With the images removed, transcribe the listing that follows exactly.

• Input data
☆ ☆ ☆ ☆

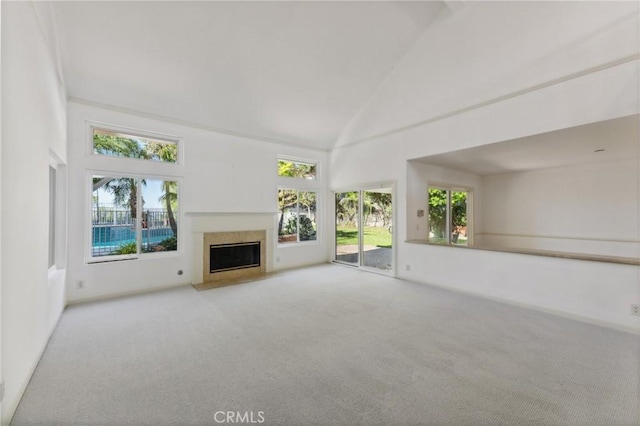 unfurnished living room with light carpet and high vaulted ceiling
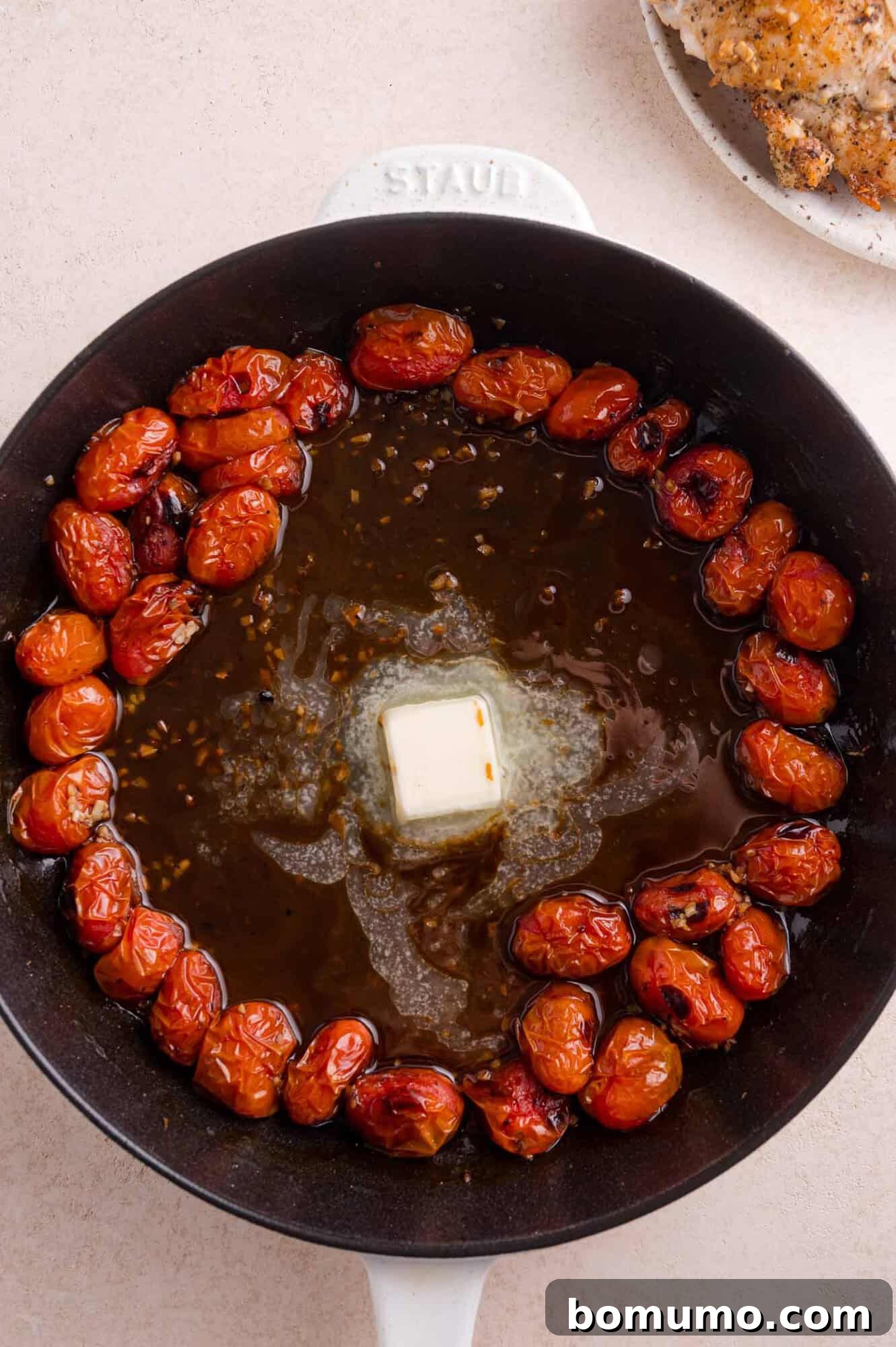 A cast iron pan with roasted cherry tomatoes, melted butter, and sauce in the center, on a beige surface.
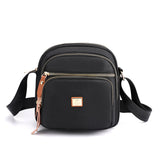 Sac à bandoulière léger et décontracté avec plusieurs poches pour femme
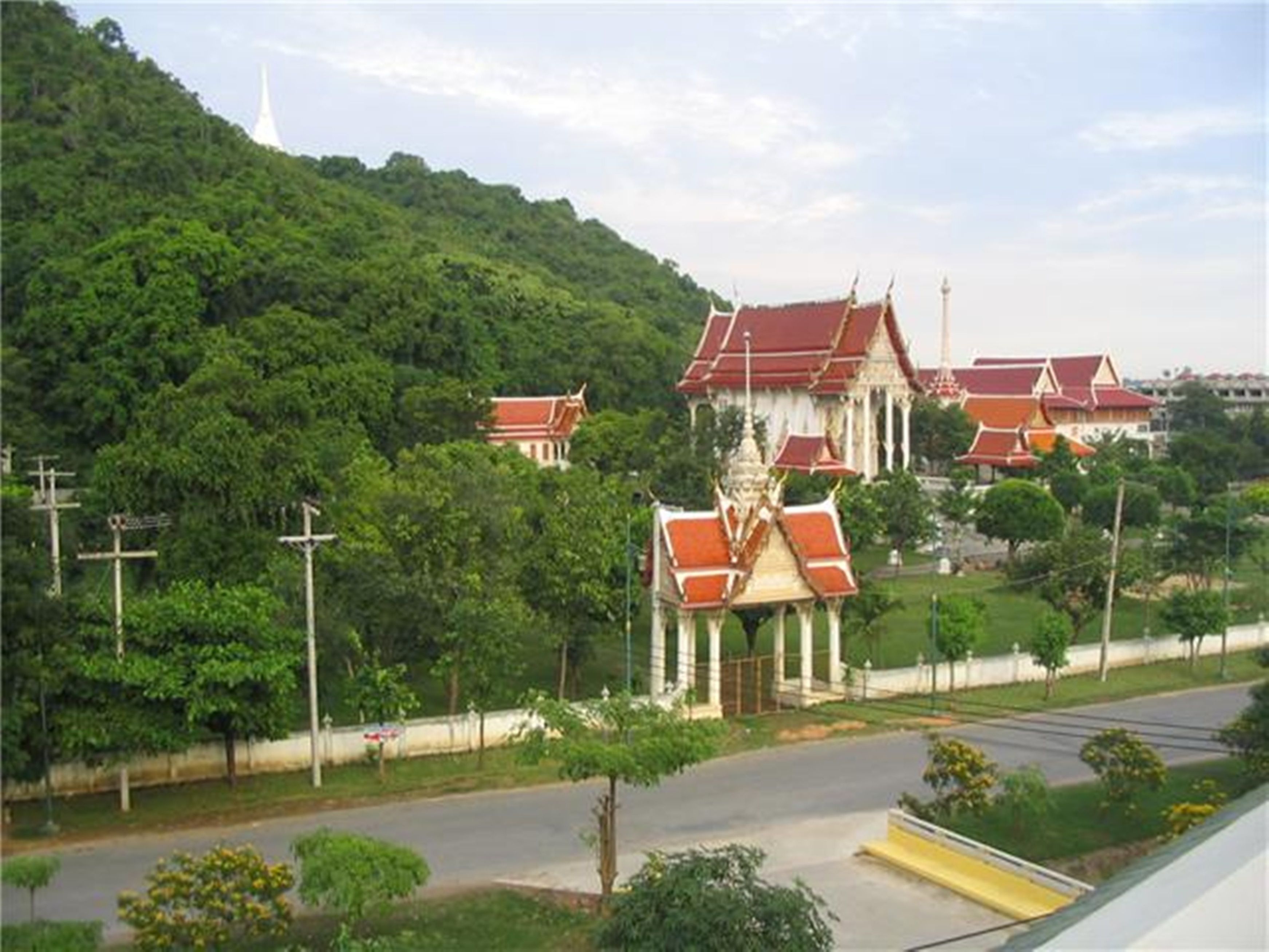 A traditional temple complex with multiple structures, surrounded by lush greenery and a road in the foreground.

☆ ☆ ☆ ☆

• Result of the exercise
 unfurnished living room with light carpet and high vaulted ceiling
 A cast iron pan with roasted cherry tomatoes, melted butter, and sauce in the center, on a beige surface.
 Sac à bandoulière léger et décontracté avec plusieurs poches pour femme
 A traditional temple complex with multiple structures, surrounded by lush greenery and a road in the foreground.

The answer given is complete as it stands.